A trial court has limited powers to modify an arbitrator’s award. See 9 U.S.C. § 11. This Court has held that neither the FAA nor the Texas Finance Code authorizes an award of pre- or post-judgment interest when the arbitrator made no such award. See Fogal v. Stature Const., Inc., 294 S.W.3d 708, 722 (Tex.App.Houston [1st Dist.] 2009, pet. denied) (prevailing party in arbitration is not entitled to pre- or post-judgment interest under FAA or pre-judgment interest under Texas Finance Code; trial court did not err by failing to modify arbitrator’s award to add pre-judgment interest); Thomas Petroleum, Inc. v. Morris, 355 S.W.3d 94, 98–99 (Tex. App .-Houston [1st Dist.] 2011, pet. denied) (trial court lacked authority to modify award by adding pre-or post-judgment interest).
Guzman acknowledges these authorities but urges us to reconsider them.

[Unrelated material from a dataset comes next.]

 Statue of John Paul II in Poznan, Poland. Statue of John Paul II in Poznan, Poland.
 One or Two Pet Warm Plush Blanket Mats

We decline to do so, and we conclude that the trial court lacked authority to award post-judgment interest and correctly declined to award pre-judgment interest.
Because the Rule 11 agreement constituted an enforceable arbitration provision, Guzman did not waive his right to arbitrate, and there was nothing in the record to suggest the arbitrator committed error, Houston’s First District Court of Appeals affirmed the trial court’s order confirming the arbitrator’s award. The court also modified the award to exclude post-judgment interest.